The Scholarship Girl at Cambridge (1926) is, according to the Girls Gone By website, considered the third book of a trilogy, after Erica Wins Through (1924) and The Scholarship Girl (1925), though as far as I can tell the first of these titles has an entirely different heroine from the other two. I would usually start reading a trilogy at the beginning, but in this case, as I think I mentioned before, I was just too seduced by the thought of reading of a young woman's experiences at Cambridge in the 1920s to resist making a bee-line for volume three.
The novel, of course, focuses on Monica's time at Cambridge, where she is fortunately joined by her school-friend Francesca. The story proceeds from Monica's initial ambivalence and then relief at finding herself accepted and excelling, to a bumpy patch when she determines to transform a rather self-absorbed and lazy fellow student into something more palatable to her and her friends, and on to her eventual triumph as a serious but well-liked, scholarly young woman.

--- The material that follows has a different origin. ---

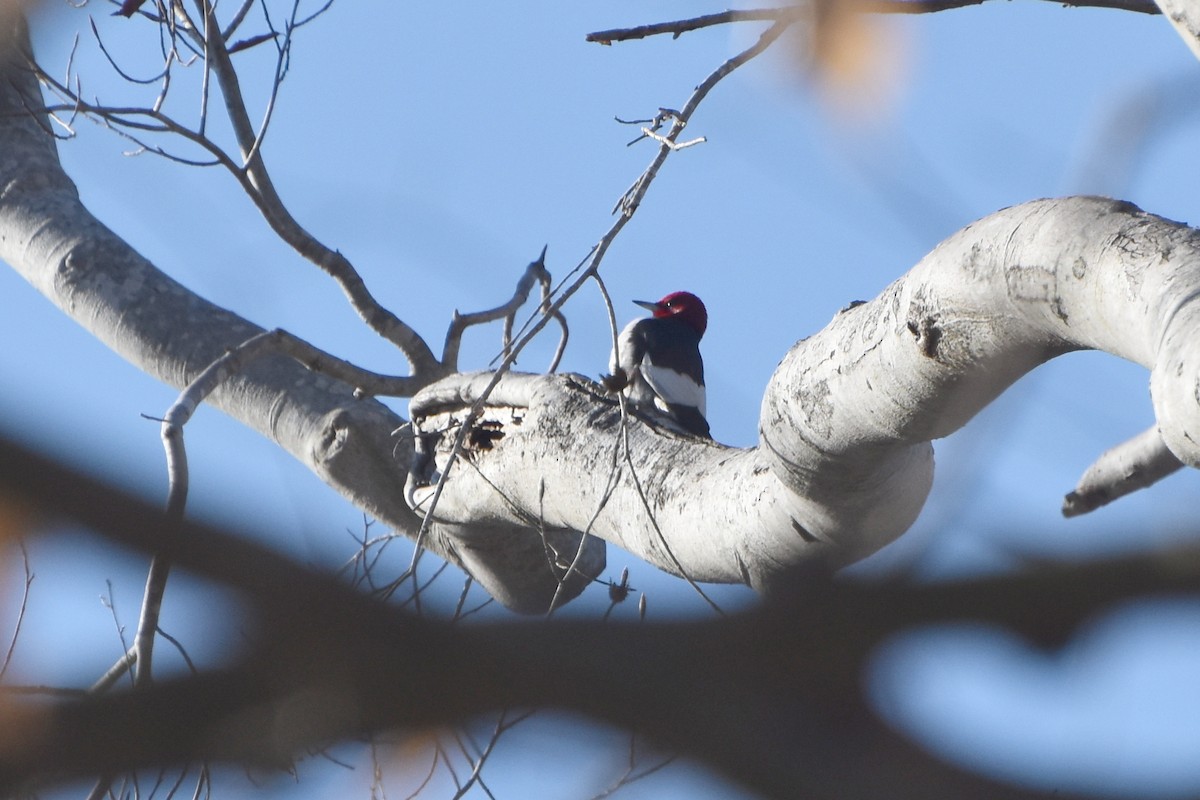 Red-headed Woodpecker - stephen johnson  🦜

It's charming right from the beginning, and I loved this evocation of Monica's arrival at Cambridge:
Monica, left to herself, explored her sitting-room. It was on the ground floor in the old wing, looking over the smooth grass of the old court to evergreens and a yellowing birch. To the left, the window of a library jutted out, and a row of little graceful arches marked a passage-way. It was a pleasant, peaceful view. Monica was glad that she was to live here, rather than in the new wings on the other side of the tower. Francesca was over there, miles away—in Top Chapel, the maid had said. Monica had only the very vaguest idea how to get there. She felt very much alone.
She left the bare sitting-room for the box of a bedroom, which opened out of it, and took off her hat and brushed her short black hair. She seemed to herself such a very different Monica from the leggy, red-tunicked girl who had galloped about Greystones and ruled it. She was grown up, a student, and must walk discreetly, and mind her manners. It was very terrifying.

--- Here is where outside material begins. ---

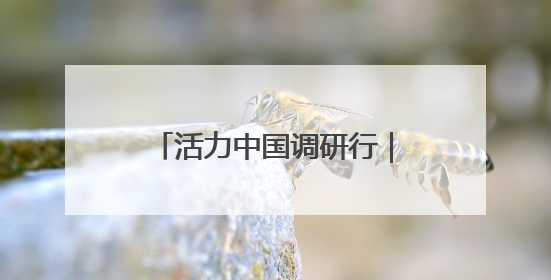 活力中国调研行｜向“智”！中国机器人“跑”起来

It is perhaps because she is so aware of the changes that have occurred in her own personality that she decides to take on the surly, sluggish Hester, whose room is next door. She convinces herself that Hester, disliked by all of Monica's friends, is just an earlier version of herself, and that she can be transformed into another Monica with a little bit of patience and a worthy example.
You can perhaps read into that last paragraph that I at times found this subplot a bit irritating. Monica's friends come off as rather priggish and judgmental in regard to Hester (though they do have a point), and even Monica, who is determined to befriend Hester, does so in a somewhat condescending way. She doesn't like Hester as she is, or offer her any real affection, but merely imagines what a glorious thing she will become when she has become more like Monica herself. I was happy to read in Sarah Woodall's introduction that she perhaps related a bit more to Hester than to Monica (as for me, although I didn't particularly like Hester, I certainly recall being her—give or take some minor details—when I was an undergraduate), and when Monica discovers that Hester has made new friends behind her back, her reaction really challenged my liking for her:
Monica disliked them intensely. They were horrible people—lazy, self-satisfied, unwholesome people who sneered at everything that was healthy and honest and unaffected. They were bad for Hester. She must not be allowed to get too friendly with them.

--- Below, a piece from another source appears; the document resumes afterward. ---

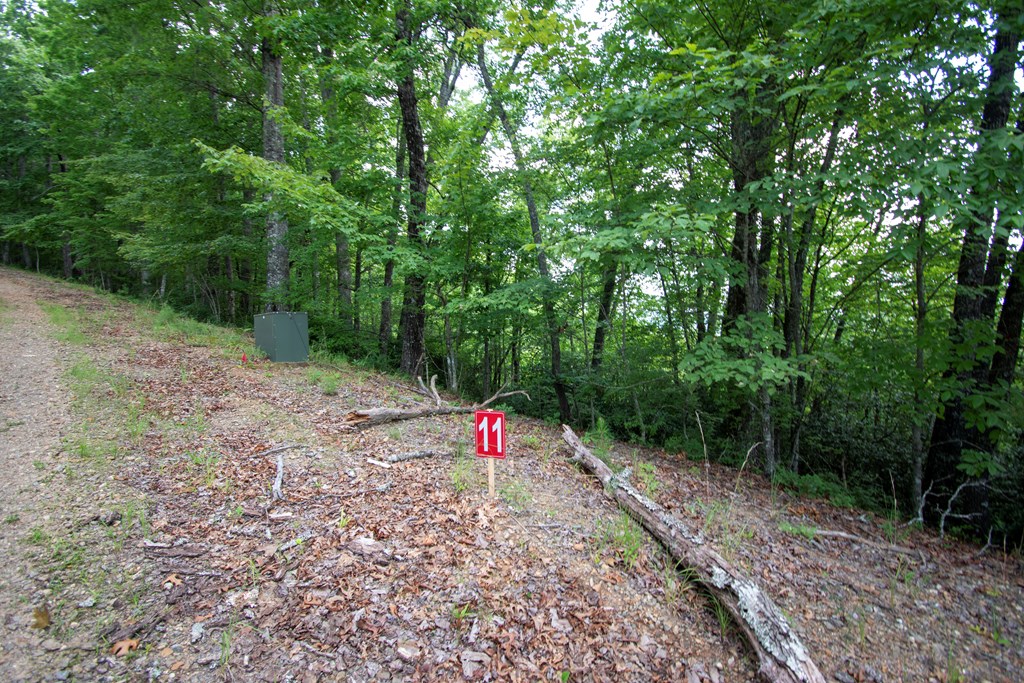 850 Bluff Road Property Photo 16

Hmmm, just a bit self-righteous, perhaps?
And yet, as I continued reading (and the novel was never less than compulsively readable for me, all self-righteousness and irritation aside), I thought a bit more of about Monica's reactions and about the novel's treatment of Hester. As Woodall notes in her intro, Elder is fair enough to allow Hester a considerable bit of redemption in the end—although it's clear she has no real affection for her—but she also allows us to see Monica's development: how the friendship, such as it is, has grown out of Monica's own insecurities and efforts to adapt to her new, disciplined, and perhaps unexpectedly successful self. Her occasional veering toward the judgmental and intolerant may be a kind of defense.
And in the end, I was sold on Elder's story despite my early reservation. It's really a rather unique portrait of a truly serious, hard-working, and ambitious young woman, and of the sacrifices she has to make in order to succeed. Even Monica's professor—who has undoubtedly made such sacrifices too (as Elder herself would have done, in becoming a doctor long before such an achievement was common for women)—warns her to watch out for the pitfalls of social entanglements:
'You're a good worker,' she said surprisingly. 'You'll never get shoddy—at least, not unless something extraordinary happens to you. A nice, crisp, tidy worker. Stick to your work, Miss Baxter.'
A look of alarm shot into Monica's eyes. What about the games which absorbed so much of her energy?
Miss Hepburn's steely twinkle responded. 'Oh, I don't mean you to stop your games. You must keep fit, of course. But don't get mixed up in a lot of human relationships. You'll always find them difficult. And they're the things that make people shoddy—sentimentality and all that twiddle-twaddle.'
Miss Hepburn's is possibly not a recommendation very many of us would like to follow, and yet, it might have been an essential one for a young woman seeking more than society would have expected her to have—and perhaps even more than she had ever expected for herself.
Most remarkable of all to my mind, no charming prince appears in the end to sweep Monica off her feet and bring her to a realization that what she really wants is to be his charming wife. Which made me realize just how astonishingly rare such stories are (perhaps even today)—stories in which women's ambitions and career pursuits are treated with genuine seriousness, and the sacrifices they require made clear. This is true (unless I'm forgetting some) even among women authors, who more often than not have their characters flirt with careers before love transforms their lives, or else portray women who must work but are discontented about it. In that sense, then, The Scholarship Girl at Cambridge seems well worth reading, even for those readers who aren't otherwise interested in school stories, and my irritations with it faded into background noise. Monica might not be the most likable of all school story heroines, but she is a unique and interesting one.
Happily, the result of my compulsive collecting of Elder's novels even before I had ever read a word of her work is that I have three more of them to be getting on with—all of them, it seems, similarly concerned with professional women. Greyladies has been working steadily over the past few years reprinting almost all of Elder's adult novels, which mostly seem to be drawn to some extent from her own experiences as a doctor, and I am now more intrigued than ever by them, and wondering how the harsh realities that Elder managed to suggest even in an entertaining "girls' story" will play out in her adult novels.